Distortion will also arise from disclosing metrics that are not correlated with climate-related financial risk. The report encourages companies to disclose investments in "climate-related opportunities" as though these were indicators of reduced risk. But companies operate and deliver financial results in real-world markets where there is no guarantee that such opportunities will deliver positive or lower-risk financial outcomes. Diversification from fossil fuels to renewables may be interesting to some stakeholders and sought politically, but is a poor indicator of financial risk, as recent performance of some renewables investments has shown.

The FSB assignment reflects a time of change and uncertainty in the global energy ecosystem. These changes are driven by a complex interplay of technology, geopolitical, economic and social factors as well as by policies relating to climate change and energy security.

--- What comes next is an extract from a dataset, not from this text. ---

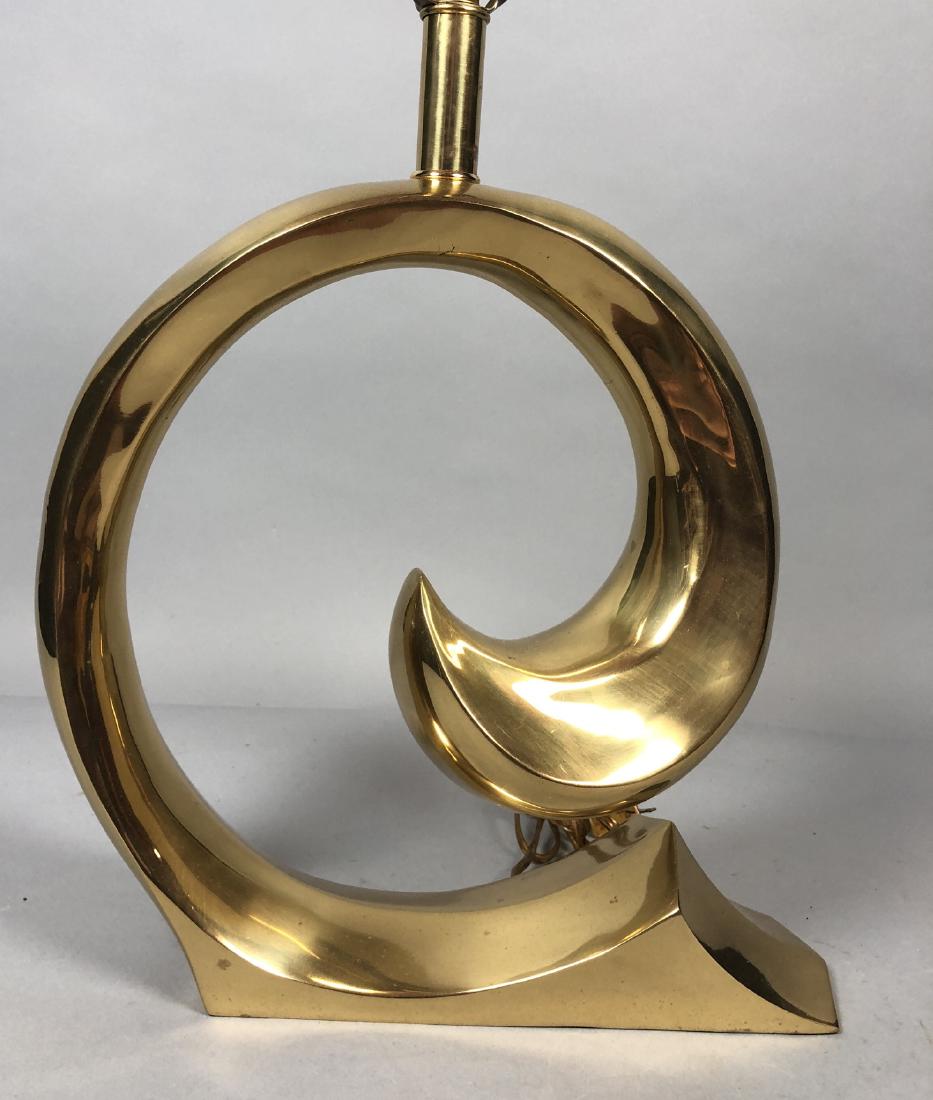 PIERRE CARDIN Brass Swoosh Modernist Table Lamp. (1 of 8)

Companies must communicate thoughtful strategies that will create value and protect against risk in a complex, uncertain future; and it is in their interests to report information and metrics that demonstrate superior performance and positioning on climate change as on other topics. But information disclosures in regulatory statements can no more inoculate investors against climate-related financial risks than against many other future risks -- including, but not to limited to, technology disruptions, changing consumer preferences, demographics, shifting values, central bank actions, electoral outcomes and the effects of decisions that managements will make five, 10 or 20 years from now.

Commentary by Daniel Yergin, vice chairman of IHS Markit and author of "The Prize" and "The Quest." Antonia Bullard is vice president of IHS Markit. They are among the co-authors of the report, "Climate-Related Financial Risk and the Oil and Gas Sector." The analysis and conclusions of the report are solely those of IHS Markit.